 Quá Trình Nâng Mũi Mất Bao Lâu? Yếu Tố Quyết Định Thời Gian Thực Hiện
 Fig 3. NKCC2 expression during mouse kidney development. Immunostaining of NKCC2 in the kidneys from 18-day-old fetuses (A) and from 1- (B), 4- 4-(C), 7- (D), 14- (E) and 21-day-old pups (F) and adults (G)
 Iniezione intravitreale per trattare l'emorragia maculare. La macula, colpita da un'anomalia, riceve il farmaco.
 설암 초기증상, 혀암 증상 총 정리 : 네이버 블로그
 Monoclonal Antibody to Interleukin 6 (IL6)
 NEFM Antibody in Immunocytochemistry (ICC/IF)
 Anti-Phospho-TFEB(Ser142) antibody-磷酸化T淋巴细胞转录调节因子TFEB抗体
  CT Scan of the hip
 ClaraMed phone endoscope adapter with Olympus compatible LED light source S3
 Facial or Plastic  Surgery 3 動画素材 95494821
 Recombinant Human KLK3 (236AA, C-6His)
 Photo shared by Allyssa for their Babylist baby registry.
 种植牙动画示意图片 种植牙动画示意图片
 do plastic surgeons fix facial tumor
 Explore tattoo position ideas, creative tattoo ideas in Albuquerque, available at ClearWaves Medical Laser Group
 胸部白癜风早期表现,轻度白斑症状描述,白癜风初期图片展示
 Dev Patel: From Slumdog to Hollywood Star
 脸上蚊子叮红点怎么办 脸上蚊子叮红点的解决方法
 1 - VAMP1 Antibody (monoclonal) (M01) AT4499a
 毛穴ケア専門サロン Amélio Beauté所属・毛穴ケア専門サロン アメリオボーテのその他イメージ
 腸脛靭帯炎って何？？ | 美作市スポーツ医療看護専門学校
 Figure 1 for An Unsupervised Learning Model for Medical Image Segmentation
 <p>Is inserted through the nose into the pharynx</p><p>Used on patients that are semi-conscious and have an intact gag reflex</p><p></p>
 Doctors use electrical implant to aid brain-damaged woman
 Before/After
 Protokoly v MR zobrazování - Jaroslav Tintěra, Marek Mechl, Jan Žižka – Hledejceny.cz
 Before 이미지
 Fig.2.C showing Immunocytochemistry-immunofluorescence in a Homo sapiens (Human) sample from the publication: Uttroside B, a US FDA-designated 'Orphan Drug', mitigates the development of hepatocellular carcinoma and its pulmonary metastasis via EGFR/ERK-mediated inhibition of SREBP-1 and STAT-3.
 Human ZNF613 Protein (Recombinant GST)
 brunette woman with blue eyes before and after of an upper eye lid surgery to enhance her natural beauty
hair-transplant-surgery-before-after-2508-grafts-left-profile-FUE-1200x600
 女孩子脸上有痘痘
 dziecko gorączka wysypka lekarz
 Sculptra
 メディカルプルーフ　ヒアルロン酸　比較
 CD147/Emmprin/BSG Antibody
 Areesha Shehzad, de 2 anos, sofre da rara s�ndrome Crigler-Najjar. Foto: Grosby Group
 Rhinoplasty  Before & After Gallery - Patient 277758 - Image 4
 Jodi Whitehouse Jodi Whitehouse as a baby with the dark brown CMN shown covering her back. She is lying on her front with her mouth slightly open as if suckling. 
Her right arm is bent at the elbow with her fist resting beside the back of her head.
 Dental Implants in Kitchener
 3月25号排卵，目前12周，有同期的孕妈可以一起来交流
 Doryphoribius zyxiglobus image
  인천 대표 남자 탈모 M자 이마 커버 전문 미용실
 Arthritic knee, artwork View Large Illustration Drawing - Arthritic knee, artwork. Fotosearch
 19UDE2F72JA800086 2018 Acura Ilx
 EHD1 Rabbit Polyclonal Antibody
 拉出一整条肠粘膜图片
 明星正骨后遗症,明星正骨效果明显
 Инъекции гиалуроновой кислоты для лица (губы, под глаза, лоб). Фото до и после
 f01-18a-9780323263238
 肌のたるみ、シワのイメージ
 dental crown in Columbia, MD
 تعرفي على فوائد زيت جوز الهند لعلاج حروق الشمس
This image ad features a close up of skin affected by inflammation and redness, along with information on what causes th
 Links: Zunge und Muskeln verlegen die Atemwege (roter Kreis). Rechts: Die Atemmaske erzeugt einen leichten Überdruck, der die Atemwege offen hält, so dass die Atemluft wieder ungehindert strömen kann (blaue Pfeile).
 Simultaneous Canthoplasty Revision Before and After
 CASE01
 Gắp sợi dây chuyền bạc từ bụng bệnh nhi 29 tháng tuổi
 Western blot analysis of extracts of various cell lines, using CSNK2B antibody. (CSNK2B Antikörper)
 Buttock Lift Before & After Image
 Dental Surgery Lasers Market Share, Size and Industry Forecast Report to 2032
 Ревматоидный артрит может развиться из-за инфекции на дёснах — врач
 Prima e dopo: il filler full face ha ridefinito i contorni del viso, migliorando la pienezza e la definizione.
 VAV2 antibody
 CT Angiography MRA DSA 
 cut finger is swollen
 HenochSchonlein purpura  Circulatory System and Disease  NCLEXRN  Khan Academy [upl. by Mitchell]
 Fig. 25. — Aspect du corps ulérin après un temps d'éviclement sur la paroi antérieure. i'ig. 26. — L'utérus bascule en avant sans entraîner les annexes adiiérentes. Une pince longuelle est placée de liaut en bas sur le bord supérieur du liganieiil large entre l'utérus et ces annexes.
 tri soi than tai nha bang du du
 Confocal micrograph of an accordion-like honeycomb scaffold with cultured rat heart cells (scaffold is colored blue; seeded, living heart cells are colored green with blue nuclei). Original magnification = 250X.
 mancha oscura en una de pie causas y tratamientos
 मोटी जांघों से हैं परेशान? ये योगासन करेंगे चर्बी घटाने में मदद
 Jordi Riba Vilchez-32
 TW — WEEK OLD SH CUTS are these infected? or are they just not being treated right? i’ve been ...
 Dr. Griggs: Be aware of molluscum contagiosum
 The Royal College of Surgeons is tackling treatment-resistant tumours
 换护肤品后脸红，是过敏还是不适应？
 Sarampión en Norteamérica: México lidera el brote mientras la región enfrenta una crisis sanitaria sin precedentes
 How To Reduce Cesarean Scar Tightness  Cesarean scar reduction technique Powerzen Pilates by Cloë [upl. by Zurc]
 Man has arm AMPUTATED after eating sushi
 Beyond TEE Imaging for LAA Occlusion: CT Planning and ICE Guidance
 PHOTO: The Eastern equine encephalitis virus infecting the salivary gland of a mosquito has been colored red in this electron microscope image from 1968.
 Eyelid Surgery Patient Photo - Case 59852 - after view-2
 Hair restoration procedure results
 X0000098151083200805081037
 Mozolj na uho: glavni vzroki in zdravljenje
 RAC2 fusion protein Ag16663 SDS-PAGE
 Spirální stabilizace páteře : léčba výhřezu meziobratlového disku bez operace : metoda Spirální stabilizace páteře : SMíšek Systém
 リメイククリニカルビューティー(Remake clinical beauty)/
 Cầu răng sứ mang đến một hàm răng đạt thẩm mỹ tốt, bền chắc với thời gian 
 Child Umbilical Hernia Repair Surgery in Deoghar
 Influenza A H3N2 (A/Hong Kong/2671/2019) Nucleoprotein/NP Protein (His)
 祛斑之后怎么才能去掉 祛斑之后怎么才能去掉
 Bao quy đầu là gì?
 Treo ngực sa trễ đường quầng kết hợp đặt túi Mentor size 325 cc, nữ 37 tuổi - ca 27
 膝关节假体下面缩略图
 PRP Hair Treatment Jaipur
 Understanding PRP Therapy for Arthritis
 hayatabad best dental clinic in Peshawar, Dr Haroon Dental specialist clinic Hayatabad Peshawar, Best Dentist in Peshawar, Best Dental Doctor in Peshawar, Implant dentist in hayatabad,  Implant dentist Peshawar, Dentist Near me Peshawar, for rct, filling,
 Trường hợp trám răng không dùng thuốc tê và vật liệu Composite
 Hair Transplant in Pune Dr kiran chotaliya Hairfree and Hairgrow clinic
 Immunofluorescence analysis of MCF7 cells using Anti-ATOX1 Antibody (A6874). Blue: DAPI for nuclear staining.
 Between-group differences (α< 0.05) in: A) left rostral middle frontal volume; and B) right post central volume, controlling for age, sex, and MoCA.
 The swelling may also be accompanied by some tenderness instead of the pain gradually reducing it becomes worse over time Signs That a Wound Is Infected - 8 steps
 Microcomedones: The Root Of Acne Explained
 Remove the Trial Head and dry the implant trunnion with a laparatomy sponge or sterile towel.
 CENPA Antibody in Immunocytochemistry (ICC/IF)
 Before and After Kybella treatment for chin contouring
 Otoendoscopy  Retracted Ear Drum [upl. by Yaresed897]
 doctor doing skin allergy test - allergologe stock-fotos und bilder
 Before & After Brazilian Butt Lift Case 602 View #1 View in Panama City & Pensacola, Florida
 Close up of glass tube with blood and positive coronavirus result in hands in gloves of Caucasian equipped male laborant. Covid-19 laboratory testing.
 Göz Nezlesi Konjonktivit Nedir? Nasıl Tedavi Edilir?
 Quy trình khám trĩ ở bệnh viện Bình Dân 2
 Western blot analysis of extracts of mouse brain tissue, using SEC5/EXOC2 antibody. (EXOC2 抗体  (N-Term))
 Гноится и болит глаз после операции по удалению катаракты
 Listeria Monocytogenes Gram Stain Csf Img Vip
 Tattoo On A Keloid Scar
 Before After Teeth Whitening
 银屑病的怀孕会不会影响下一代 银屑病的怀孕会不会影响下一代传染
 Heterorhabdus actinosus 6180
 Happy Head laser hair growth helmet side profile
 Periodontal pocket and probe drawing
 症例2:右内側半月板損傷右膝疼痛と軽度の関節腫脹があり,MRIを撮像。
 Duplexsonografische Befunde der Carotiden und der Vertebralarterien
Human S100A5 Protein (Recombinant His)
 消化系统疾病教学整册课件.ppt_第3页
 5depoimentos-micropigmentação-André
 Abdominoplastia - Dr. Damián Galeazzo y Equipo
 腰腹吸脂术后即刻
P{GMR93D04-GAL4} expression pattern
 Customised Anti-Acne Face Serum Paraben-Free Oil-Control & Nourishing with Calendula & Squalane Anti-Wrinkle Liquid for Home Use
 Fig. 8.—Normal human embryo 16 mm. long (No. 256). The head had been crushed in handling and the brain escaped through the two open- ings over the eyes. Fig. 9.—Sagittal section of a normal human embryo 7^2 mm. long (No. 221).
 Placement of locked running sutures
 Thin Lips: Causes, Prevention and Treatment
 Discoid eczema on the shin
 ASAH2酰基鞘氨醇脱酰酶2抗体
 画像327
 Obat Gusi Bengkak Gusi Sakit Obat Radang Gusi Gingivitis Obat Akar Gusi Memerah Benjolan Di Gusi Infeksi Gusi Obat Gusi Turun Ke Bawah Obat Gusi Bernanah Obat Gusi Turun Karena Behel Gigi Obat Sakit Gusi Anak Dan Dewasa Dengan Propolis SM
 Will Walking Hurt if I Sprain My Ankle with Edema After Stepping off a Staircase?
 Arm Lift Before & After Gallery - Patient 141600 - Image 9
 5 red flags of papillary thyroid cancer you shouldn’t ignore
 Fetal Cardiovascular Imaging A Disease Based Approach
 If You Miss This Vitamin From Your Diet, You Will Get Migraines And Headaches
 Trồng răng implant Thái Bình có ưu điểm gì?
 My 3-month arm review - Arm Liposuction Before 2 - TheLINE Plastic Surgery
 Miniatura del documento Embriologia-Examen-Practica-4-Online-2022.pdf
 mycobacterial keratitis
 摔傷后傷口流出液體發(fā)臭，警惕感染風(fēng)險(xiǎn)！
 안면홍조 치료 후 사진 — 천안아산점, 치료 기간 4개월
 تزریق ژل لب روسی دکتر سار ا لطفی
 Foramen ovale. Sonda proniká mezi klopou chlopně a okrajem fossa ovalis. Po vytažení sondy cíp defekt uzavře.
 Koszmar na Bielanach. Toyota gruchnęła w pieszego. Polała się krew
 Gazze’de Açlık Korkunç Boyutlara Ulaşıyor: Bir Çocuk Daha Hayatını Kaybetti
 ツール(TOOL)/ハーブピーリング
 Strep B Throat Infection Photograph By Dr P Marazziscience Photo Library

+===+

# What you should do
From the records above, give again exactly the lines running from the line with "Facial or Plastic" to the line with "Figure 1 for", inclusive.

# Answer to this exercise
 Facial or Plastic  Surgery 3 動画素材 95494821
 Recombinant Human KLK3 (236AA, C-6His)
 Photo shared by Allyssa for their Babylist baby registry.
 种植牙动画示意图片 种植牙动画示意图片
 do plastic surgeons fix facial tumor
 Explore tattoo position ideas, creative tattoo ideas in Albuquerque, available at ClearWaves Medical Laser Group
 胸部白癜风早期表现,轻度白斑症状描述,白癜风初期图片展示
 Dev Patel: From Slumdog to Hollywood Star
 脸上蚊子叮红点怎么办 脸上蚊子叮红点的解决方法
 1 - VAMP1 Antibody (monoclonal) (M01) AT4499a
 毛穴ケア専門サロン Amélio Beauté所属・毛穴ケア専門サロン アメリオボーテのその他イメージ
 腸脛靭帯炎って何？？ | 美作市スポーツ医療看護専門学校
 Figure 1 for An Unsupervised Learning Model for Medical Image Segmentation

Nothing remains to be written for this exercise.